Page MenuHomePhabricator

[XRay][profiler] Part 1: XRay Allocator and Array Implementations

Authored by dberris on Apr 18 2018, 12:53 AM.



This change is part of the larger XRay Profiling Mode effort.

Here we implement an arena allocator, for fixed sized buffers used in a
segmented array implementation. This change adds the segmented array
data structure, which relies on the allocator to provide and maintain
the storage for the segmented array.

Key features of the Allocator type:

  • It uses cache-aligned blocks, intended to host the actual data. These blocks are cache-line-size multiples of contiguous bytes.
  • The Allocator has a maximum memory budget, set at construction time. This allows us to cap the amount of data each specific Allocator instance is responsible for.
  • Upon destruction, the Allocator will clean up the storage it's used, handing it back to the internal allocator used in sanitizer_common.

Key features of the Array type:

  • Each segmented array is always backed by an Allocator, which is either user-provided or uses a global allocator.
  • When an Array grows, it grows by appending a segment that's fixed-sized. The size of each segment is computed by the number of elements of type T that can fit into cache line multiples.
  • An Array does not return memory to the Allocator, but it can keep track of the current number of "live" objects it stores.
  • When an Array is destroyed, it will not return memory to the Allocator. Users should clean up the Allocator independently of the Array.

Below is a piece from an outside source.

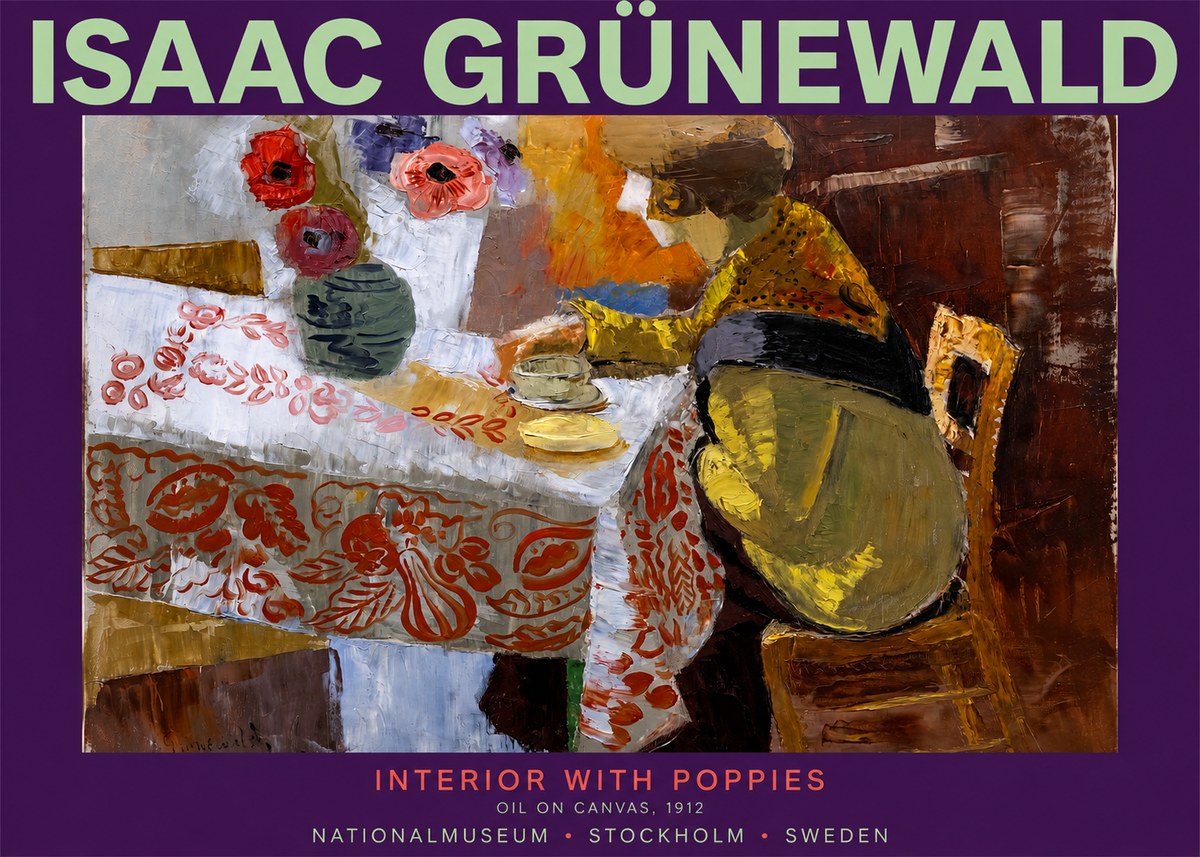 Isaac Grünewald Interior with Poppies No2 - Plakát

These basic data structures are used by the XRay Profiling Mode
implementation to implement efficient and cache-aware storage for data
that's typically read-and-write heavy for tracking latency information.
We're relying on the cache line characteristics of the architecture to
provide us good data isolation and cache friendliness, when we're
performing operations like searching for elements and/or updating data
hosted in these cache lines.

Diff Detail


Event Timeline

dberris created this revision.Apr 18 2018, 12:53 AM
kpw added a comment.Apr 18 2018, 6:17 PM

Haven't looked at segmented array yet, but I had a good look at the allocator. I think I caught one serious bug, and the rest is just suggestions.

21–24 ↗(On Diff #142886)

Didn't like Martin's attempt to alphabetize? ;)

30 ↗(On Diff #142886)

Expect not null? I don't grok this syntax.

35 ↗(On Diff #142886)

Can you document the template parameter in the class level comment? Minimum block size?

36–38 ↗(On Diff #142886)

If you comment the template parameter in the class comment. You can replace this with something to the effect of "A block is a a piece of memory handed out by the Allocator"

52 ↗(On Diff #142886)

This name collides with the cryptographic immutable content-address data structure. I would try to avoid that. BlockListNode?

57–59 ↗(On Diff #142886)

Could you make this more clear? Maybe even name it BlockPtrsPerCacheLine instead of Size. I had to read it a few times.

66 ↗(On Diff #142886)

sizeof(Block*)? Should be equivalent since Block just wraps void*, but could be more clear. I see this type of punning show up in a few other places, so maybe it's alright to be consistent.

71–73 ↗(On Diff #142886)

If you're punting on the freelist you might be able to squeeze some more data into here.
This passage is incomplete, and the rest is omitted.